Originally Posted by
Gannon
Mbshan,
You didn't say what TYPE of Sony television you have, but since you describe the optic block I know it is a rear projection L-COS [[or Sony's term SXRD to JVC's D-ILA).
These have other periodic maintenance issues which you probably weren't told when you purchased the set...they require a bulb and a filter in the air cooling path roughly every two years. Some bulbs are rated for longer, and most don't just fail...they get progressively dimmer and off-colored.
Most dealers didn't talk about this, because it would've cost them sales...or their salesforce wasn't even informed they were necessary to the design of the sets.
If the air filter gets clogged, the bulbs super-heat...and actually toast the imager, or in this case the optic block. I'm not sure why, but with Sonys it shows up most often in the blue...Sala Thai's Sony Front Projector had a similar problem...all bars and restaurants that had heavy cigarette smoke do, too. This will be one positive outcome of the no-smoking laws, but I digress.
All fixed-pixel video displays have trouble in some ways as they approach black...but since most televisions are not adjusted properly for residential use out-of-the-box, the blacks are usually only dark gray, enough to mask the issues sometimes.
Any set that uses bulbs for their source illumination will cost anywhere from $200 to $500 every other year, to keep them in peak performance and color accuracy. Plasmas and LCD flatscreens don't suffer this, and LCDs benefit from a MUCH lower cost of operation.

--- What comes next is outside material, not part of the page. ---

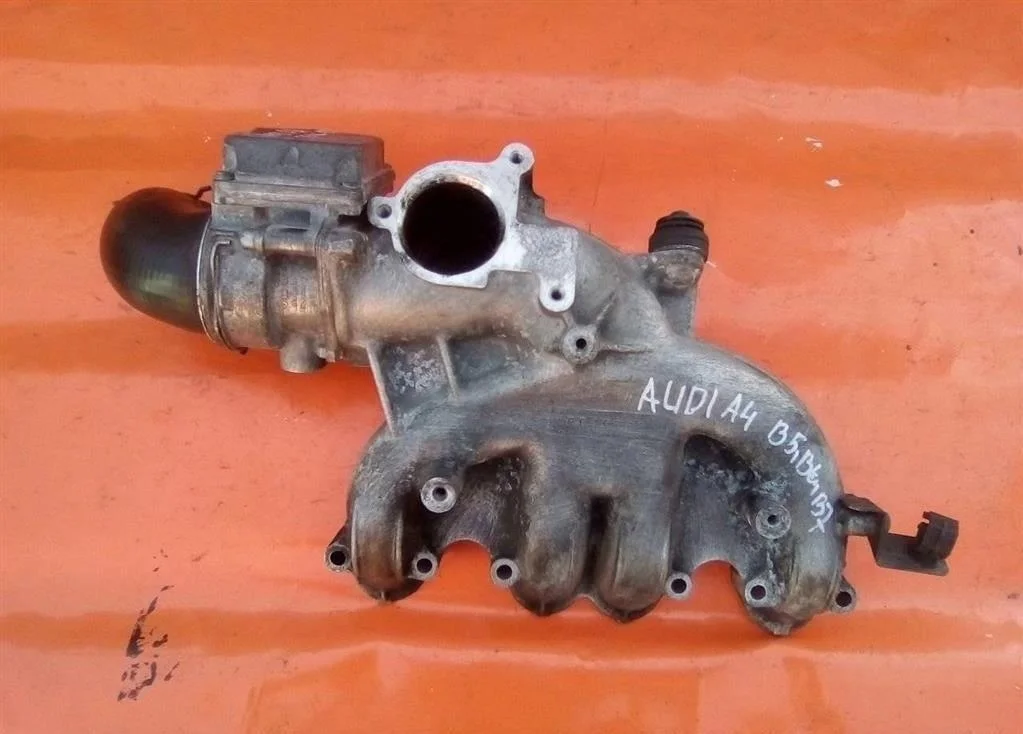 Коллектор впускной Audi A4  B5 (1994-2000)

Leaders in that format include Sharp, Sony, and Samsung. I'm most fond of Sharp. Panasonic still markets plasmas in the 50" range, and makes the absolute best ones, they won that market when it collapsed...a combination of increasingly-quality LCDs and the world-wide real estate market collapse [[because each successive-generation of screens seemed to require a new factory, oddly enough). Even Pioneer stopped making them, and resells a rebadged Panasonic, as far as I know.
Cheers, I'm still watching CRTs...the old-school television technology...because it is the best on the way to absolute black, and is easier on the eyes for longterm viewing. Shame you can't get them any longer...except on the used market, unless you are in the government.